Friday, December 26, 2008

Christmas Odds and Ends

(News-Herald, December 26) I am one of the few remaining people I know with an actual live (well, previously live but now dying in a seasonally picturesque manner inside my house) Christmas tree. The market must be shrinking because it has gotten progressively harder over recent years to track down a chunk of non-artificial holiday lumber in Venangoland.
After years of bouncing between road-side vendors, I’ve been driven to Home Depot. Apparently I’m not unusual; according to the Associated Press, Home Depot is the top seller of yule foliage in the US, with anticipated sales of 2 million trees. That doesn’t seem like a large number, but last year there were only 31.2 million live trees sold nationwide.
Other tree facts from the National Christmas Tree Association: In 2007, there were 17.4 million fake trees sold. Of the real tree sales, 23 percent were at chain stores, 21 percent at cut-your-own farms, 20 percent at garden/nursery centers, 12 percent from some lot, and 15 percent from “other.”
The NCTA wants you to know that real trees take in carbon dioxide and give off oxygen, that real trees are biodegradable while fake trees are not, and that there are more than 4000 US Christmas Tree recycling programs. They also helpfully note that almost all fake trees are made by impoverished Chinese laborers out of materials that may include poisonous lead. And on top of that, fake trees were first marketed by the Addis Brush Company, whose usual products were toilet bowl brushes. Or, as the NCTA website puts it, “the first fake Christmas trees were really just big green toilet bowl brushes.” I want to root for the real tree guys, but they do sound just a tad desperate.
I am not sure how a recycling program for trees would work. Old friends of mine would occasionally leave the tree up till it had dropped every needle, then repaint the remainder white and call it an Easter tree. I have never gone quite that far, by which I mean that I have never painted one of my dead, nude trees white. As far as recycling, I find the tree makes a nice June campfire.
Before you start mocking those of us who keep festive trappings up, I will remind you that Christmas, properly observed as a religious holiday, consists of twelve days (sound familiar?) of which December 25 is merely the first. Christmas is not over till January 5, so I will leave my lights up for a while yet, thankyouverymuch.
According to the federal agricultural census, if you want to rank states’ Christmas tree-inees by number of trees or number of tree-yielding acres, Pennsylvania is #4. By number of farms, we are #1. Alaska, Nevada, and Arizona bring up the rear in all three categories.
I like my live tree, though I can’t offer much of a rational explanation for it. I suppose that’s also true of the date. While most of us know of December 25 as a date co-opted from pagan celebrations, I have actually seen a theory for a more Christian background. Some ancient Jews believed that the prophets of Israel died on the day of their conception. So early Christians could have worked from the widely believed March 25 crucifixion date and come up with December 25 as Jesus’s birthday.
Neither chopped up fir foliage or dates of dubious origin serve as the oddest of seasonal factoids. Researchers claim that the holiday season is a peak time for making holiday whoopee, a claim supported by a reported spike in September births.
And no holiday tradition beats the Spanish habit, particular in Catalonia, of including a caganer in nativity scenes. For those who are unilingual, “caganer” translates roughly as “pooper.” Since the 17th century, folks in Spain (and parts of France) include one, off in the corner somewhere being indelicate. Children apparently enjoy this tradition as a nativity Where’s Waldo game.
Since 1974, American Christmas has also been marked by large gatherings of tuba players; Tuba Christmas has cropped up in over 200 cities with peak numbers of over 450 players.
Do we humans become ridiculous at this time of year? Perhaps, but I like to think that it just highlights our humanity at the same time that we are remembering and honoring the Divine. Tradition is also useful because we don’t have to argue about what we want to do or who’s in charge or what it all means; just smile sweetly and follow what we already understand.

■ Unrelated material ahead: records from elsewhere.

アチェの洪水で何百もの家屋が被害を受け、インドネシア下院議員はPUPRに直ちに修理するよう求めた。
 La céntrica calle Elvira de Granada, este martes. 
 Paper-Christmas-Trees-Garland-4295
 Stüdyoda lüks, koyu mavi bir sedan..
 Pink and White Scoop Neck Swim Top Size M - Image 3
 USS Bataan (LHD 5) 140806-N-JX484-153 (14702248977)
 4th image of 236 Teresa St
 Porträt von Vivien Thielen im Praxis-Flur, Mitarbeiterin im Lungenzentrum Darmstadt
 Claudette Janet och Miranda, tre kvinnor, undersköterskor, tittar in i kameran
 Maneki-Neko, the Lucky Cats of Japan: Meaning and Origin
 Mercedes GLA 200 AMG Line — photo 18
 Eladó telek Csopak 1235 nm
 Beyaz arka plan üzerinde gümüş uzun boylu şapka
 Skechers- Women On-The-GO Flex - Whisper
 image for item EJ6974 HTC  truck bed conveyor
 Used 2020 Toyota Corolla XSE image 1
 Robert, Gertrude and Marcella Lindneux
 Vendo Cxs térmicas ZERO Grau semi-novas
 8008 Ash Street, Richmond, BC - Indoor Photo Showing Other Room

Wednesday, December 24, 2008

Holiday Online Timewaster

I don't do a lot of site recommending here, but this is solid gold for television fans Of A Certain Age (i.e. over five). Virtually every tv theme ever, including openings and endings and , in many cases, variant forms from different seasons. When you need a break this week, here's a quick killer of time:


TV Theme Music and Songs

Friday, December 19, 2008

Christmas Stress, Wars, and Spirit

(News-Herald, December 18) The final stretch before Christmas is a time to settle back and really think about the meaning of stress.
Usual Christmas stress is a personal thing. It’s one of those take stock type of holidays that can make us panic, like learning that the News-Derrick is coming to take pictures of all the rooms in our house. There’s nothing like a holiday built around idealized images of home and family to help us really remember how non-ideal our actual homes and families are.
That kind of personal stress is old hat. The last decade has added a sort of community stress. It’s not enough to make sure that our own Christmases are perfect—now we have to make sure that everyone else is celebrating properly as well.
The so-called Christmas wars are only the most ridiculous manifestation of that. On the one hand we have retailers desperately trying not to alienate anyone (or their money) and behaving as if Holiday Season were a natural cultural event when it’s simply the result of ever-expanding marketing ploys, only slightly more deep than Swimsuit Season.
On the other hand, we have People of Alleged Faith insisting that Jesus deserves a place of honor in the appliance aisle. The notion that a Christian nation would throw itself into the celebration of Christmas would appall our most pious founders. The Puritan’s handled Christmas celebrants by putting them in the stocks, chastising them severely, and throwign them out of town.
I suspect that some people desire to have Christmas recognized commercially to salve the conscience. Maybe a lot of religious-ish signage will help me feel as if shopping for plastic doo-whingies actually has something to do with the birth of Christ.
But this year, even mindless economic activity is an uncomfortable pursuit. Just as we were (mostly) applauding ourselves for the coolness of Democracy, along come brutal reminders that much of our fate is in the hands of people that we don’t get to vote on. There is no election for stupidly stubborn corporate executives or selfishly dimwitted financial wizzes, and yet these bozos have put our collective future on the line without so much as a by-your-leave.
So the usual joyous spending spree is overshadowed by a vague financial uncertainty, adding more soggy fuel to a sputtering fire.
I have talked to people who, in the face of all this, despair of finding any joy in the season. Eternal optimist that I am (really, stop snickering), I believe it can be done.
I believe it can be done because, first, I believe we have rarely actually done it in the past. Too many people, when discussing the Joy of Christmas are talking about a fake plastic joy, a childish belief that we can have it all and pay no cost.
We like to talk about how this is the season where everyone can show love and kindness to his fellow man. Baloney, say I. Mostly it’s the season in which folks strike a short-term deal: you will act as if you like me, and I will act as if I believe you.
And then someone inevitably says, “If only it could be Christmas all year round.” Well, if it were Christmas as we Americans celebrate it all year round, we could raise the stock market back up on the strength of prozac sales alone.
But let’s turn that notion around. Instead of a hopeless wish to extend the imaginary state of manufactured Christmas grace to the rest of the year, let’s imagine what we really wished the rest of our year looked like, and then plant the flag of THAT bold conquest in the soil of this one day.
Do you have hopes and dreams for what you wish your life looked like? Don’t focus on what you fear it should be like; make this the season that you commit to those hopes and dreams.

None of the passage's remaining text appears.